Raccords pour respirateurs, masques personnalisés... mais aussi visières, dont 3D4Care propose des modèles-types validés par des urgentistes. "Des navettes collectent les pièces auprès des +makers+ et entreprises, puis on les décontamine, on fait un contrôle-qualité et on les assemble" avant de les livrer aux hôpitaux, explique Pascal Morenton, enseignant à CentraleSupélec, faisant état de 700 visières produites quotidiennement.
Lui-même reçoit des demandes "de partout", citant un chirurgien en manque de visières juste avant une opération.
Face à une demande immense et désorganisée, il est difficile de discipliner complètement l'offre: "Il est illusoire et peut-être contre-productif de vouloir coordonner des actions basées sur des initiatives personnelles délocalisées. Il faut un juste milieu entre structuration et agilité", fait valoir M. Morenton.
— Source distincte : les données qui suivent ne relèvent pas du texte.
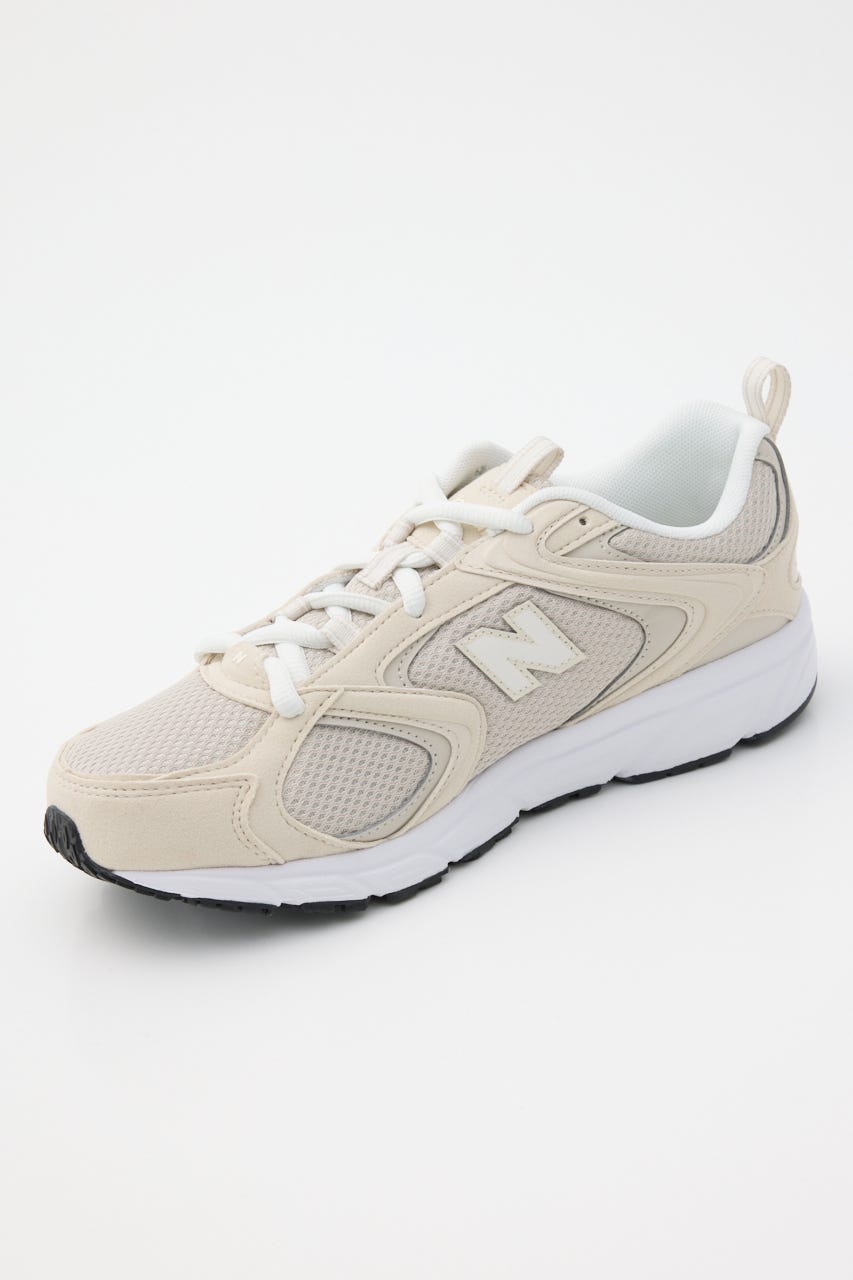 【NEW BALANCE】U408 L/GRY 24.0cm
- "gagner en Indépendance" -
Les entreprises spécialisées dans l'impression 3D sont évidemment engagées dans la bataille: en Italie, la start-up Isinnova a modifié un masque de plongée Decathlon pour en faire un appareil respiratoire, grâce à une valve imprimable au modèle aussitôt partagé en ligne et imité partout.
Le fabricant niçois d'imprimantes professionnelles Volumic a obtenu la validation des laboratoires Cerballiance pour imprimer des éprouvettes destinées aux tests de dépistage. Il en produit "quasiment 10.000 par semaine", selon son cofondateur Stéphane Malaussena.
"On dirait de la médecine de guerre! Tout le monde répond à l'urgence. On est quand même prudent, le corps médical doit valider", observe-t-il.
L'Assistance Publique-Hôpitaux de Paris, de son côté, s'est dotée à l'hôpital Cochin d'une mini-usine d'une soixantaine d'imprimantes qui crachent des matériels (pièces pour respirateurs, matériel d'intubation, pousse-seringues...) demandés par les soignants.
La jeune pousse Bone3D, spécialisée dans l'impression 3D médicale, dédie cinq ingénieurs au projet: "Il faut 48 heures pour dessiner une nouvelle pièce, la créer, la mettre à l'épreuve dans un service clinique, avant de pouvoir l'imprimer", décrit son président Jérémy Adam.
Du "sur-mesure" et un meilleur contrôle des dispositifs sensibles: "Pour les visières, il y a très peu de risque à les faire faire par des +makers+, ce n'est pas critique pour le patient. Pour des pièces de respirateurs, il faut encadrer les choses: imaginez qu'un matériau cause du tort à un patient", insiste M. Adam.
En offrant une visibilité accrue à l'impression 3D, la pandémie marquera un tournant, juge Stéphane Malaussena: "Tous les hôpitaux prennent conscience qu'ils peuvent eux-mêmes fabriquer les éléments dont ils ont besoin --et gagner en indépendance."